La possibilità di circondarsi di allietatori ed alleviatori di fatica cresce smisuratamente in una società ipertecnologica e consumistica. Tale immane dotazione e tale esteso impiego garantirebbero, almeno sulla carta, una economia di tempo e di impegni domestici, a tutto favore del consumatore-risparmiatore.
Fatto sta che, nonostante l’inusitata disponibilità di mezzi, il tempo personale così economizzato non pare restituire all’essere umano la libertà, né la spensieratezza che ne dovrebbe derivare.
In tal senso, neppure la gravosa attuale circostanza dell’ emergenza epidemiologica riuscirà, probabilmente, a far invertire all’essere umano la sua masochistica rotta.
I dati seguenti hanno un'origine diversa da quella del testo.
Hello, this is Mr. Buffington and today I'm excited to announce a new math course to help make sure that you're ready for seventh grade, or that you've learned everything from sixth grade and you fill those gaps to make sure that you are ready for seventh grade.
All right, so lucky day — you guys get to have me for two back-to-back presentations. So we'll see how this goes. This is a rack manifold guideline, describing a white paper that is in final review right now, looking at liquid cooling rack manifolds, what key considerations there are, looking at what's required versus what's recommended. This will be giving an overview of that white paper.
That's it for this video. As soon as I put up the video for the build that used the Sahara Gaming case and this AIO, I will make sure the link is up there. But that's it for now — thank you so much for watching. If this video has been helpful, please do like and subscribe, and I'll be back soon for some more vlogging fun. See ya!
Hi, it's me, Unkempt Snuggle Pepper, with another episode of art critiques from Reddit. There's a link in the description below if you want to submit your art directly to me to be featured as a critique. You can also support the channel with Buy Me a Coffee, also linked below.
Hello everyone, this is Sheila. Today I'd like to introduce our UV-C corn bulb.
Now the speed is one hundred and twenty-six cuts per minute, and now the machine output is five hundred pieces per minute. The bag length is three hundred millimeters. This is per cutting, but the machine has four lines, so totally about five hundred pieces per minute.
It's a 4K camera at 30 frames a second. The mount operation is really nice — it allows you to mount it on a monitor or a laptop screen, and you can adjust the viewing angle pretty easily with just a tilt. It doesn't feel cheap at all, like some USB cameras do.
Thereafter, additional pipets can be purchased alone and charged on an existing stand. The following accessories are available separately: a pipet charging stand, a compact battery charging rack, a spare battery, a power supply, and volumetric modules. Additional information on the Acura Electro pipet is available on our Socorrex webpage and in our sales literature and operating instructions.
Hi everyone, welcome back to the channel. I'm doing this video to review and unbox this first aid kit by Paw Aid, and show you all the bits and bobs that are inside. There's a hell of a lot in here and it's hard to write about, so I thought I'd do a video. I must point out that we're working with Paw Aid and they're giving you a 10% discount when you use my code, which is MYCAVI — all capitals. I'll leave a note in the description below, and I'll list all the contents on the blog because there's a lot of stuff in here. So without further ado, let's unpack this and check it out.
Ogni pensiero singolo attinge alla personale appartenenza: da qui, tra l’altro, fluisce la sua massificazione-omologazione, di cui possiamo ben scorgere gli effetti. In questi effetti siamo immersi, senza margini di fattivo miglioramento, senza la possibilità di riconoscerne la effettiva connotazione.
Una omologazione stilistica si è radicata nell’anestetizzato ed inermizzato “bipede implume” (cit.Platone), sempre appeso all’idea, mistificante ed ingannevole, di acquisire una sempre maggiore condizione di agiatezza.
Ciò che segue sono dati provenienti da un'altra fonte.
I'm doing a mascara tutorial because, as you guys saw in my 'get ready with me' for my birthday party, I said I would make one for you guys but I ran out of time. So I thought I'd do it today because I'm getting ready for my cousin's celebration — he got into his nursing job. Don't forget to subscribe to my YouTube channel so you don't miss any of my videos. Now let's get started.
Gran parte delle invenzioni, a composizione del nostro arredo quotidiano, adesca ed asservisce l’intelletto, ben lontano dal suscitare un reale vantaggio.
La “tentazione per le comodità” imbriglia l’umanità civilizzata. La rende subordinata, dipendente e gracile, fisicamente e psichicamente, nella misura in cui gli aspetti sono interconnessi.
Non sorprenda, pertanto, osservare una addomesticata moltitudine umana brancolare al buio, ed anche alla luce, sventolante il vessillo della libertà: una libertà che, non essendo un dato originario, pretende, per questo, una ri-conquista giornaliera.
In sintesi conclusiva: oltre il danno delle comodità, anche la beffa.